「年上の彼」
「もういいよ」
「え」
尖った声に顔を上げると、和谷は拗ねたような顔でそっぽを向いていた。
小さな部屋の中で、不機嫌を全身で表現している部屋の主に、伊角は戸惑う。
「どうしたんだよ、和谷。お前が中国の話聞きたいって言ったんだろ」
「そ、それはそうだけど・・・」
「―――?」
「だってよ、伊角さんさっきから知らねェ奴のことばっか楽しそうに話しててさ」
和谷の顔には、正直に『面白くない』と書いてある。
思わず笑ってしまう伊角に、和谷はますます不機嫌になる。
「何だよ、伊角さん」
「いや、可愛いなあと思ってさ」
「可愛いはねェだろ。笑うなよ、もう」
「ああ、悪い。―――で、どうなんだ」
「何が?」
「和谷ってデベソなのか?」
「はぁ?」
「楽平がデベソだったから、あいつとソックリな和谷もそうかもって思って」
どーゆーリクツだよ、と軽く返されるかと思った。
なのに。
「―――確かめてみる?」
「え」
ふいに、和谷の表情が変わる。
「伊角さん、自分で確かめてみなよ」
「ちょ、ちょっと和谷―――」
どさ、と押し倒されて見上げると、そこには真剣な表情の和谷。
瞳の中に見え隠れする欲の色に、戸惑う。
「嫌じゃねェ―――だろ?」
「和谷」
「2ヶ月も離れて―――」
寂しかったのだと、唇が伝えに来る。
「―――ッ」
首筋を這う唇に、びく、と身体が震えた。
「なァ、伊角さん」
「―――んッ・・・あ、何・・・?」
「何で・・・俺が一人暮らし始めたか、わかる?」
「碁の―――勉強のため、って・・・あッ」
「それは―――表向き」
「―――え」
「こうやって―――伊角さんと、ゆっくりできるって・・・」
「和谷・・・」
「思ったから―――」
あとはもう、言葉にならない甘い喘ぎ声が聞こえるばかり。
「ね―――」
「―――ッ、な、に・・・」
「あいつとも・・・こんなことしてた?」
「え―――だ、誰?・・・ああッ」
「楊海―――とかいう奴」
「してなっ・・・」
「本当に?」
「当たり前・・・だろ」
「2ヶ月も同じ部屋で寝起きしてたんだろ。襲われたりしなかったのかよ」
「―――お前じゃあるまいし。えッ、待っ、―――ああッ」
急に激しさを増した責めに、伊角は悲鳴を上げた。
「伊角さん、ウーロン茶でいい?」
「―――ああ」
ぐったりと布団に突っ伏す伊角。
和谷は身体を起こして頭をかいた。
「汗、かいちゃったな。伊角さんシャワー使うだろ?」
「ああ。
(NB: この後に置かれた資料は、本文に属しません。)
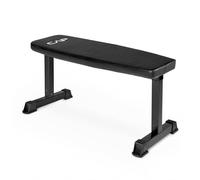 Cap Barbell Banc de Musculation Plat, Noir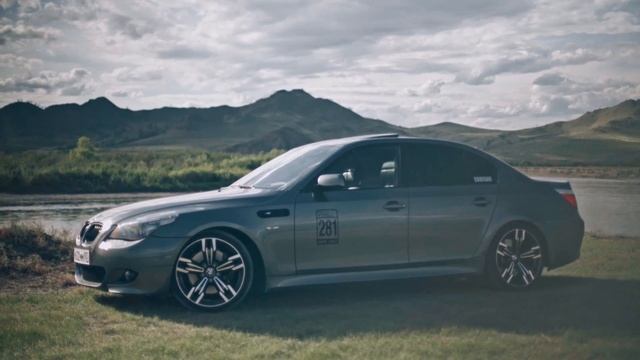 Обзор проекта "Дикий БМВ М5 Е60"/REVIEW PROJECT "WILD BMW M5 E60" смотреть онлайн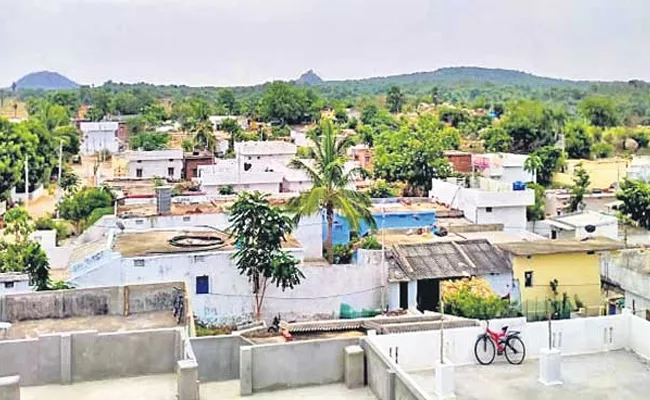 Svamitva Scheme Pilot Project 5 Villages From Telangana Selected - Sakshi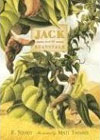 Jack and the Beanstalk by E. Nesbit, Matt Tavares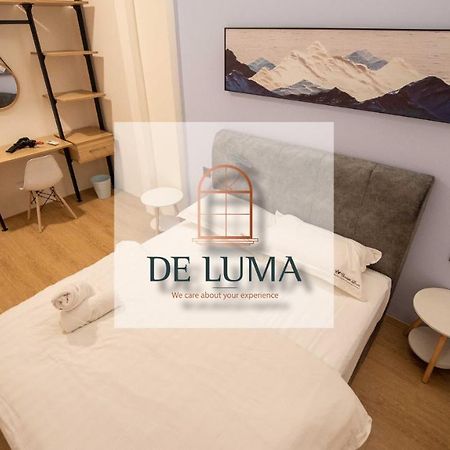 Appartement Deluma-Lebuh Acheh à George Town Extérieur photo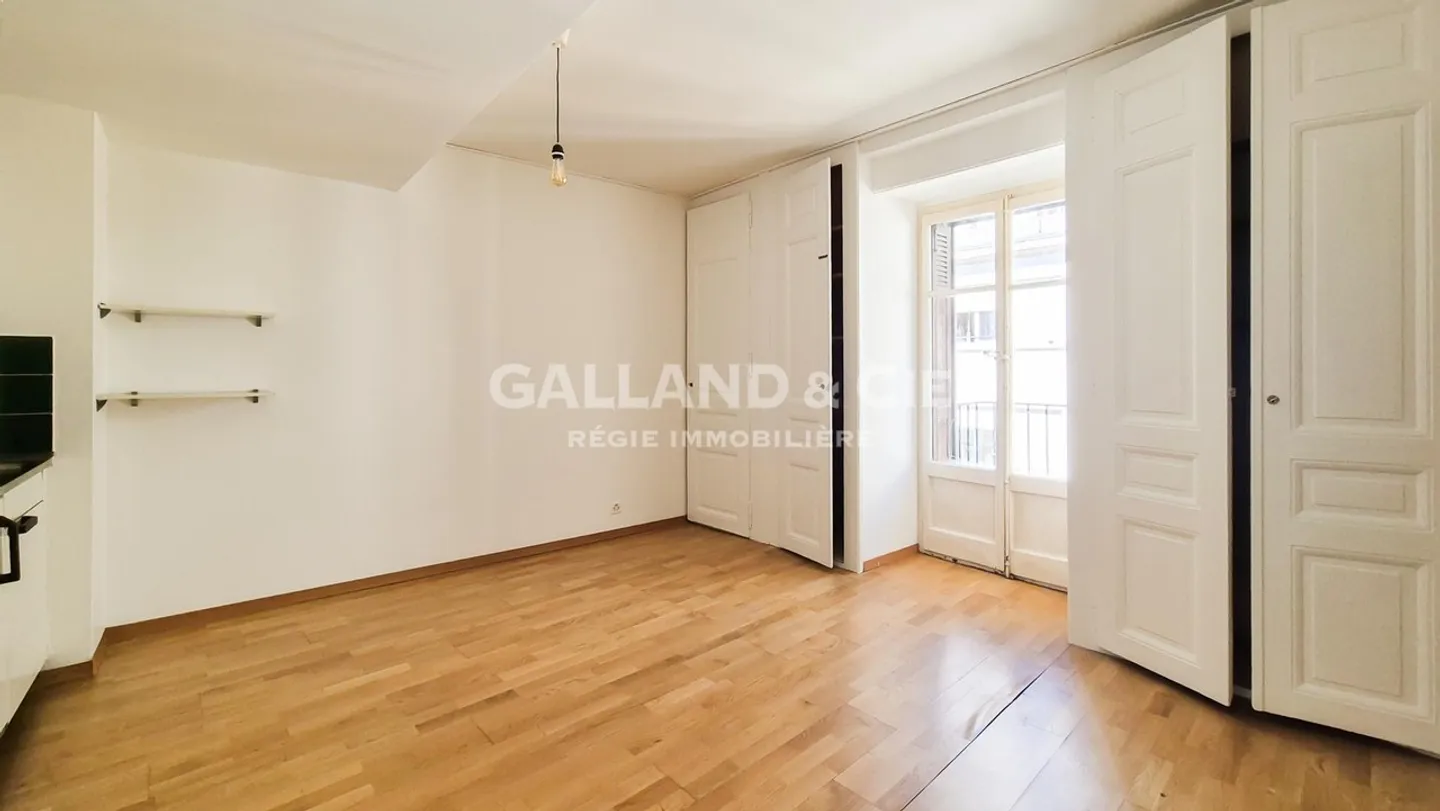 Studio Charmant à Lausanne - Photo 5 sur 5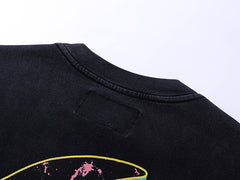 Skeletons Guitarist T-Shirts #1008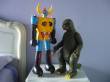 Gaiking + Godzilla Jumbo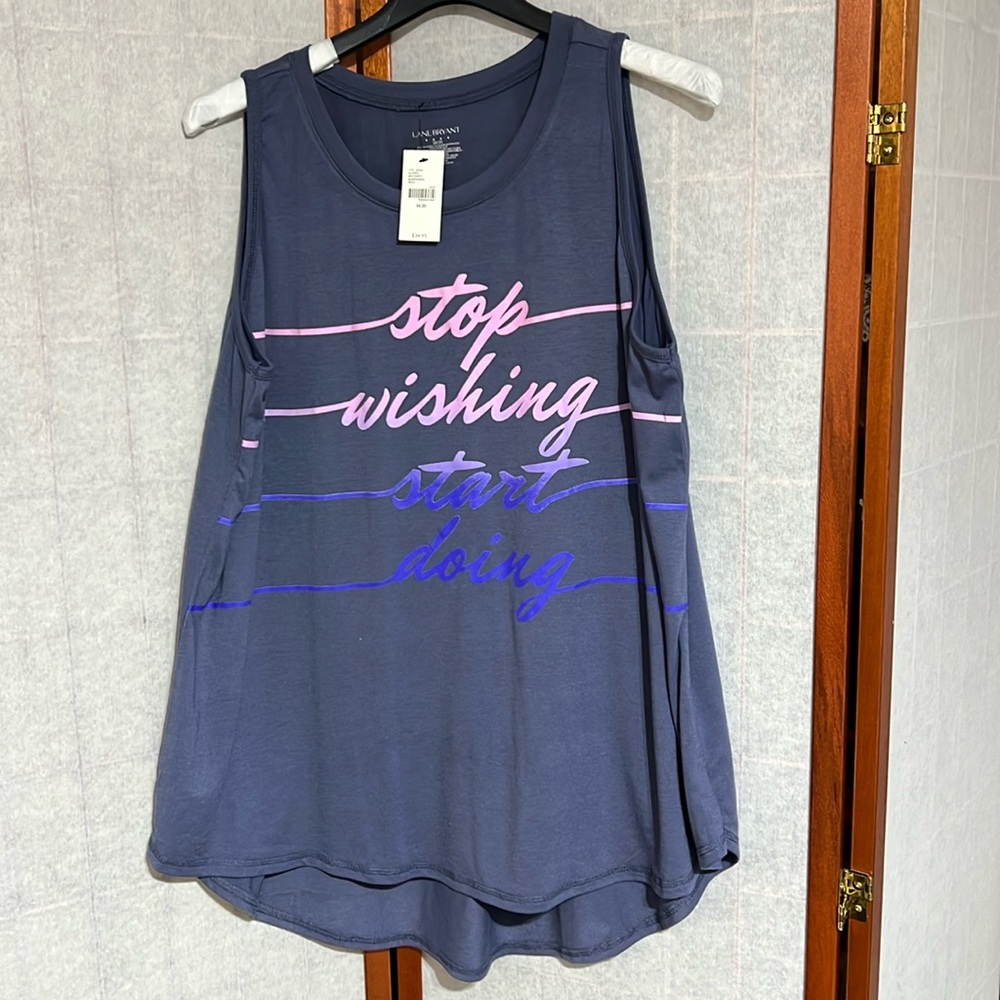 Tank top
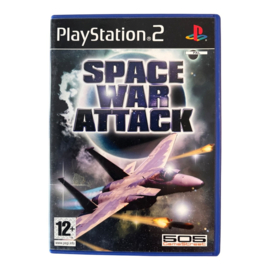 Space War Attack (PS2) (TWEEDEHANDS)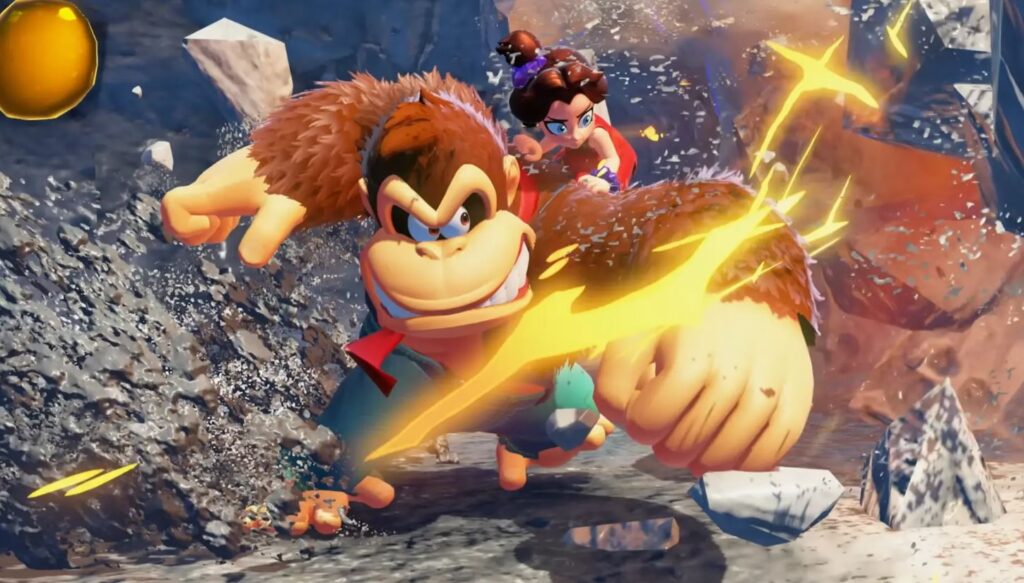 Donkey Kong Movie Incoming? Nintendo Quietly Registers Copyright For New Film 1 donkey kongs movie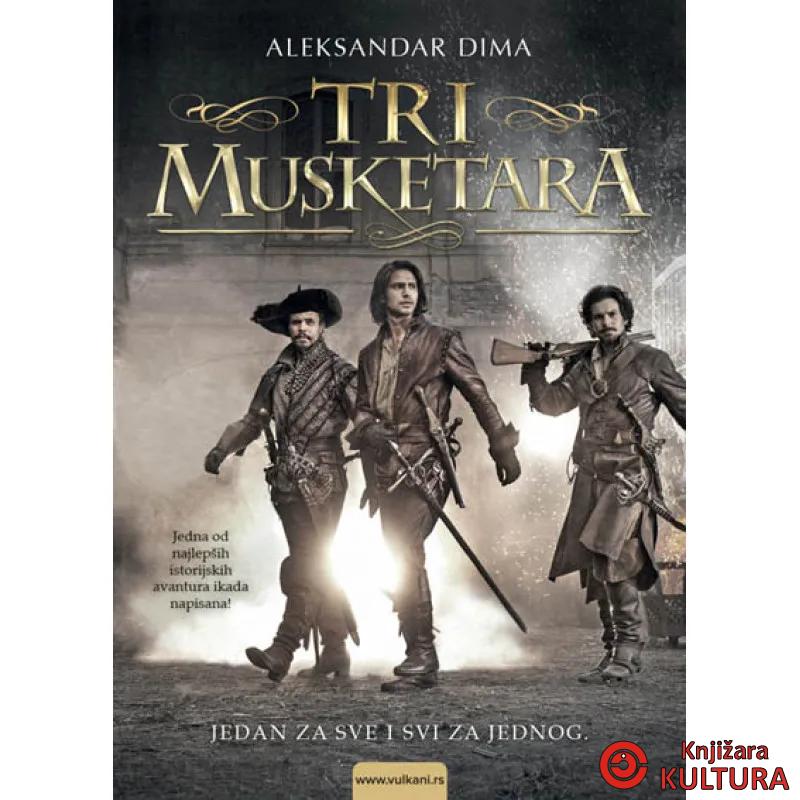 TRI MUSKETARA KLASICI VULKAN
でも後でいいから、和谷先使えよ」
「そう?」
立ち上がり、冷蔵庫を覗き込む和谷。
その背後で、ぽつりと呟く声が聞こえた。
「―――俺の勝ち、だったな」
「何が?」
和谷が振り返ると、頬杖をついて顔を上げた伊角と目が合った。
「楽平や楊海さんと賭けをしたんだよ。―――和谷がデベソかどうか」
「へ」
「掛け金手に入ったら、和谷にも何か奢ってやるよ」
「伊角さぁん。何やってんだよ、もう」
がっくりと肩を落とす和谷。
それを見て、年上の恋人は綺麗に笑ったのだった。